Gdy wydostaliśmy się z bloku, wszyscy zrozumieliśmy, że wyjście to był świetny pomysł. Pogoda była bardzo słoneczna, temperatura wysoka. W związku z tym, dużo ludzi spędzało czas na zewnątrz - czy to wychodząc z psem, czy to na spacerze, siedząc na ławce, lub wybierając się do sklepu. Patrzeliśmy na nich i z każdego umieliśmy odczytać co teraz czuje, co myśli, w każdym widzieliśmy piękno, jak i te złe strony. Niebo wydawało się być niesamowicie intensywne, a słońce rzucało dobrą aurę na ogromne, kolorowe bloki. Z osiedla mieliśmy kawałek drogi do lasu. Musieliśmy przejść przez parę uliczek z domkami jednorodzinnymi oraz przez parę mini-parków, które w zasadzie bardziej przypominały lasy, tylko że bardzo, bardzo małe. Słuch niewiarygodnie się wyostrzył. Każdy jadący samochód czy skuter, zostawiał za sobą widzialną falę dźwięku, podobną do tej z filmu Tron. Brzmienie tej fali brzmiało jak ze snu, lub jakby było słyszane pod wodą - mimo tego było bardzo czyste i wyraźne oraz na swój sposób przyjemne. Weszliśmy do wspomnianego mini-parku i od razu uderzyło nas piękno natury. Otaczał nas ogromny, zielony świat pełen życia w każdym, drobnym zakamarku. To była jednak tylko zapowiedź, tego co miało nastąpić dalej.

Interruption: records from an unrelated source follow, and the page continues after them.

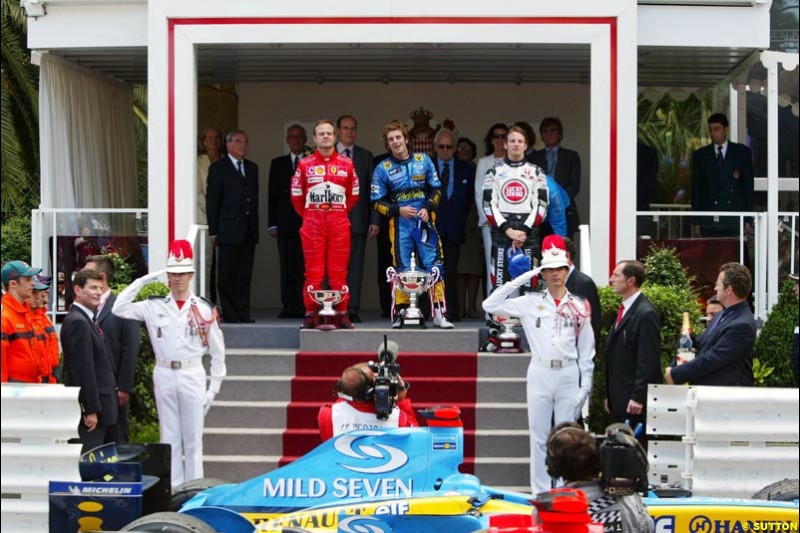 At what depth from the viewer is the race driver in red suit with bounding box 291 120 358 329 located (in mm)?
12438

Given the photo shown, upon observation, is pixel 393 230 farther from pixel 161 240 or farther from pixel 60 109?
pixel 60 109

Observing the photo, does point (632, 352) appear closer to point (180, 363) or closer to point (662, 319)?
point (662, 319)

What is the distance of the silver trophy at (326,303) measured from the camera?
12547mm

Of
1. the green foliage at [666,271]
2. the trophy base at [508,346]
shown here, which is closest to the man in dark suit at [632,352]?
the green foliage at [666,271]

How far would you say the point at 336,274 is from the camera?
12562 mm

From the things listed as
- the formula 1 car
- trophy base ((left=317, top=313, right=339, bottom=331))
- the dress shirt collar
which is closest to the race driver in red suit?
trophy base ((left=317, top=313, right=339, bottom=331))

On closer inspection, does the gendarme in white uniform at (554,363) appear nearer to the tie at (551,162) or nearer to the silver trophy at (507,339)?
the silver trophy at (507,339)

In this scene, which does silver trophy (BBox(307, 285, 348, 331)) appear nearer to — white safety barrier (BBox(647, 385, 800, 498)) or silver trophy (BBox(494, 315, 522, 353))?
silver trophy (BBox(494, 315, 522, 353))

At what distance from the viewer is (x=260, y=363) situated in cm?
1245

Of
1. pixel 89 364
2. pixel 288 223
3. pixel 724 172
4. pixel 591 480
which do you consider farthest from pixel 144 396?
pixel 724 172

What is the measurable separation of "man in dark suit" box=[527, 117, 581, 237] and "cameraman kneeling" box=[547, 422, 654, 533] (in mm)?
8362

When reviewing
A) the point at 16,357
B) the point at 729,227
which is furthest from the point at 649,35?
the point at 16,357

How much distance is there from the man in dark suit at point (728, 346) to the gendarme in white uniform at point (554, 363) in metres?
0.79

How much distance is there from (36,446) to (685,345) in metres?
5.30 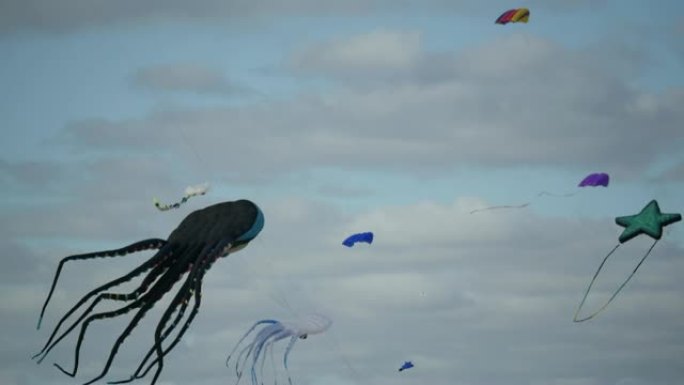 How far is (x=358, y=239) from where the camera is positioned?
99.6m

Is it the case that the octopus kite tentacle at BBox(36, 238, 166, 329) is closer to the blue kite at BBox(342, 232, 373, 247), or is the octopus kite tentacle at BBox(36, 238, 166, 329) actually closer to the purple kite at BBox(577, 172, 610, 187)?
the blue kite at BBox(342, 232, 373, 247)

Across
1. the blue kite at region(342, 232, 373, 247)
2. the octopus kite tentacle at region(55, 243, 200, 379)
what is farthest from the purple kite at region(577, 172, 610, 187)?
the octopus kite tentacle at region(55, 243, 200, 379)

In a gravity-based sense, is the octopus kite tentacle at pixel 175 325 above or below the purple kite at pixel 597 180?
below

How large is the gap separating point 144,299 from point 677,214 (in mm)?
30731

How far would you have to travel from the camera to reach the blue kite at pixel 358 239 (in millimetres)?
98881

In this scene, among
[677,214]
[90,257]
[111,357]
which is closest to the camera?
[111,357]

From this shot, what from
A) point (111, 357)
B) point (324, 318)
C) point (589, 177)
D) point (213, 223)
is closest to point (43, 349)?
point (111, 357)

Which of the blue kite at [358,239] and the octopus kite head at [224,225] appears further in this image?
the blue kite at [358,239]

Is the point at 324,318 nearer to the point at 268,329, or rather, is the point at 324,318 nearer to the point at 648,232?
the point at 268,329

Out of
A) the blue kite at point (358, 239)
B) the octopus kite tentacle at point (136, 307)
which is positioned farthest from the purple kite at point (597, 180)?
the octopus kite tentacle at point (136, 307)

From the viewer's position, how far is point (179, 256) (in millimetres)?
92938

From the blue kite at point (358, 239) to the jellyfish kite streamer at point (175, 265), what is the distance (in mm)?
5436

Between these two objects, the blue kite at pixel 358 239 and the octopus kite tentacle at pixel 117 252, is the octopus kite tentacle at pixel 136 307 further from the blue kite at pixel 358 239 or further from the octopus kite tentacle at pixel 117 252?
the blue kite at pixel 358 239

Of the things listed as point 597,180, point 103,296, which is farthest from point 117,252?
point 597,180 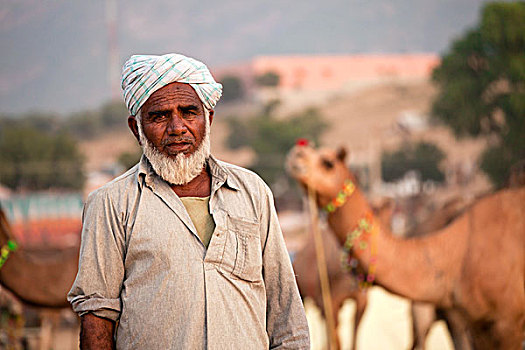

Dotarliśmy wreszcie do jeziorka, które otaczały z trzech stron lasy i pola. Nigdy nie widziałem piękniejszego nieboskłonu. Niewiarygodnie białe chmury na to raz lekko żółtym, to nieskazitelnie niebieskim niebie. Chmury układały się w twarze i wyglądały bardzo przyjaźnie. Jednak to, co zrobiło na nas największe wrażenie to jezioro. Tafla wody mieniła się tysiącem kolorów. Słońce odbijało się w niej na różowo, żółto, krystalicznie niebiesko. Przypominało to gigantyczny, naturalny kalejdoskop. Dalej spojrzeliśmy na fale wszelkiego rodzaju zbóż i wysokich traw. Złote, długie nitki przeplatały się z zielonymi, targane przez wiatr sprawiały wrażenie wzburzonego morza. Dopiero w tym miejscu poczuliśmy pełnie szczęścia, pełnie doświadczenia piękna. Nie przychodzi mi na myśl nic innego, jak katharsis. Dopiero tutaj poczuliśmy się w pełni otwarci, szczęśliwi, bez ani jednej negatywnej emocji czy myśli. To tutaj zaczęło się niewiarygodne i nieustające do końca uczucie miłości do towarzyszy, do ludzi wokół, do lasu, do owadów, do ptaków, do nieba, do siebie samego. Pozbyliśmy się wszystkich lęków, smutków, trosk. W życiu jest tak, że nawet z ukochaną osobą łączą nas jakieś przykre emocje. Czasem odezwiemy się do niej w nieodpowiedni sposób, potem tego żałujemy. Zdarza nam się użyć sarkazmu, pojawiają się jakieś drobne napięcia, nieprzyjemności, nawet do przyjaciół, ukochanych itp. Nie zmieniają co prawda naszych uczuć do nich, jednak są nieprzyjemną częścią wspólnych kontaktów. Czasami robimy to nieświadomie. Podczas naszej podróży to wszystko znikło - czuliśmy do siebie bezgraniczną miłość, dobroć i empatię. Mogliśmy czytać z siebie jak z książki - odczuwaliśmy dokładnie to samo, byliśmy trochę jak jedna osoba w trzech postaciach. Nasze umysły przenikały się nawzajem, uczucia przelewały się z jednego ciała do drugiego. Każdy z nas próbował opisać to, co doświadcza, jednak język ludzki jest po prostu zbyt skomplikowany, ale też ograniczony (!) by to powiedzieć. Nie da się tego wyrazić słowami, da się to jedynie odczuć. O ile początek tripa był tylko audiowizualny, tak w tym miejscu wkroczyła sfera duchowa, pozazmysłowa.Jedno z najpiękniejszych doświadczeń mojego życia.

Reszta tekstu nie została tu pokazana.